I’ve also been very fortunate to be given pruning/foraging rights on the neglected garden of the old school in the village, which is now used as a community centre. The volunteers who run it are very happy for me to prune and remove, and I’m happy to help them out. I have also done some pruning for older friends and will be returning in a week or so for more.
I have this year purchased a whole heap of shrubs to grow on to give me some prunings of my very own. They take a while to grow, and I could never grow all the varieties of amazing foliage that I love to use to celebrate the Christmas season. So I’m sure I’ll be foraging for a few years yet!
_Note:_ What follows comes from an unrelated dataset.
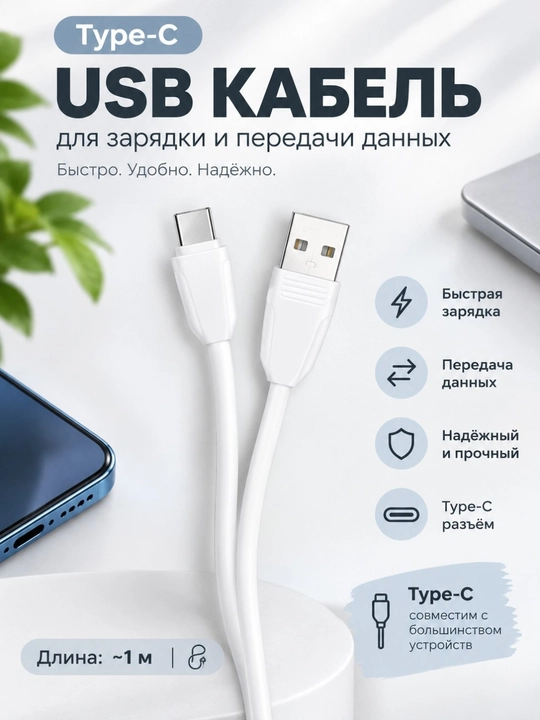 USB-C USB-A  кабель -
So what are the best types of foliage to keep an eye out for at this time of year? Some of these may be wild; some you may find in the gardens of friends or family; some may already be in your school grounds or a supermarket car park near you. You can use whatever you can access for your pupils to make Christmas wreaths and decorations for them to sell as part of running the mini young business enterprise they are running with Our Flower Patch. You could organise a walk around the school grounds to become familiar with what evergreens already grow there, and scout out what can be used in creating your masterpieces. It’s another great excuse to get your pupils outside and engaging with nature. You may find with a bit of encouragement and a bit of help with identification, some of your pupils become very observant about what is growing in their local environment.
Sorry, as some of them are foraged I’m not sure of the true latin names, but it will give you an idea of what is good to look out for.
Leylandi – great for bulky base layer. Even better if you can find the variegated version near you
Scots pine – this gives fab pine cones also
Silver backed pine – can put it on with the silver showing
Basically any pine/Christmas tree you can get, or ask if there is a Christmas tree place near you for their trimmings
White & green euonymous
Curry plant – lovely silvery foliage but can be a bit pungent
Photina (red robin)
Tight leaved silvery hebe
Eucalyptus – easy to grow from seed
Curly (contorted) Hazel
Curly (contorted) Willow
Steer clear of Yew as it is very poisonous.
Remember, to ask for permission to cut anything that is growing on land that does not belong to you.